Desde 1999, Mercosul e União Europeia (UE) trabalham na construção de um acordo de livre comércio entre os dois blocos.
Agora, 25 anos depois, há grande expectativa para a assinatura do tratado durante a cúpula do Mercosul, realizada em Montevideo, na quinta (5) e sexta-feira (6).
Mas afinal de contas, o que é um acordo de livre comércio e por que este em específico é tão debatido?
Os acordos de livre comércio são tratados bilaterais firmados entre blocos e/ou países para abrir as portas aos negócios entre as partes.
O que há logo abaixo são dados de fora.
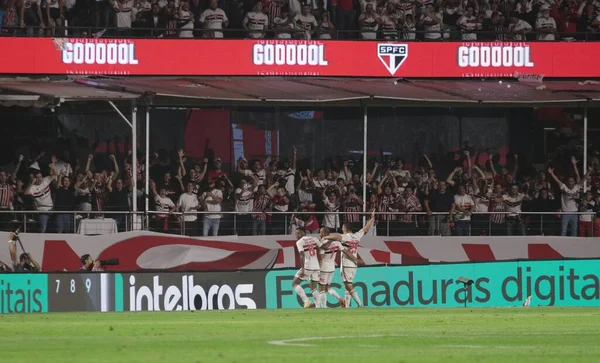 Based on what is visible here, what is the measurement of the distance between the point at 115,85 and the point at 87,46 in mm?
1083

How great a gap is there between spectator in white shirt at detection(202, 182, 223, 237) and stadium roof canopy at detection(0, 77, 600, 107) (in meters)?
2.03

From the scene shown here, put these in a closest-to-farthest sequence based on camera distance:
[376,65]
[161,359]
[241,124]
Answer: [161,359]
[376,65]
[241,124]

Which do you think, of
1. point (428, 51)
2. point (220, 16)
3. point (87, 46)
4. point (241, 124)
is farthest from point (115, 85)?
point (428, 51)

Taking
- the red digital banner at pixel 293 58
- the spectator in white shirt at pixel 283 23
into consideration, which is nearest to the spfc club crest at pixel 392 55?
the red digital banner at pixel 293 58

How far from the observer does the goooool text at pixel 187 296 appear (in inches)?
880

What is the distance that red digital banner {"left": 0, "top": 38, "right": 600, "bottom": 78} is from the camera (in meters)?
25.2

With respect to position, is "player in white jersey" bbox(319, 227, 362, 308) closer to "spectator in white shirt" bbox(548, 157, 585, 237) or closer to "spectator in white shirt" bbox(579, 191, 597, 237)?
"spectator in white shirt" bbox(548, 157, 585, 237)

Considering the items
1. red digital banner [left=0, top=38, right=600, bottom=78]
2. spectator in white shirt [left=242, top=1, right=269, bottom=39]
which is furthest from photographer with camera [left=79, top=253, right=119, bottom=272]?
spectator in white shirt [left=242, top=1, right=269, bottom=39]

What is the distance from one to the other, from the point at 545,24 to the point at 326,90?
223 inches

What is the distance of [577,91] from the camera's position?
2703 cm

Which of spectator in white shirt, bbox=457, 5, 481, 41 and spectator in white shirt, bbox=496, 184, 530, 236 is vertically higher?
spectator in white shirt, bbox=457, 5, 481, 41

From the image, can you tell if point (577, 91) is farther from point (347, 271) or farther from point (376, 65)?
point (347, 271)

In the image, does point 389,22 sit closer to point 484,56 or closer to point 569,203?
point 484,56

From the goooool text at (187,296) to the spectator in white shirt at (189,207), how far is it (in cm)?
317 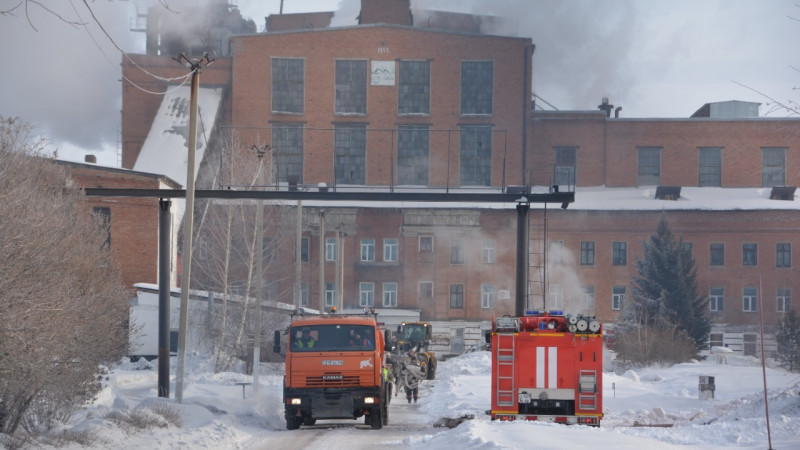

Regras de origem, comércio de serviços, compras governamentais, propriedade intelectual, barreiras técnicas, defesa comercial e outros tópicos são alguns sobre os quais esses acordos abordam e buscam facilitar.
Essa modalidade é mais ampla que os acordos de preferência comercial, que promovem essa abertura no comércio de bens em menor expressividade, sem estabelecer limites mínimos ou máximos de comércio.
Um estudo do Instituto de Pesquisa Econômica Aplicada (Ipea) aponta que a assinatura do acordo pode gerar aumento de 0,46% na economia brasileira entre 2024 e 2040, além de um crescimento de 1,49% nos investimentos.
E o que é o acordo de livre comércio com a UE?
Durante a Cimeira da América Latina, Caribe e UE, realizada no Rio de Janeiro, entre junho e julho de 1999, foram lançadas as tratativas entre o Mercosul e o bloco europeu. Já no começo, a avaliação era de que as negociações seriam longas e difíceis.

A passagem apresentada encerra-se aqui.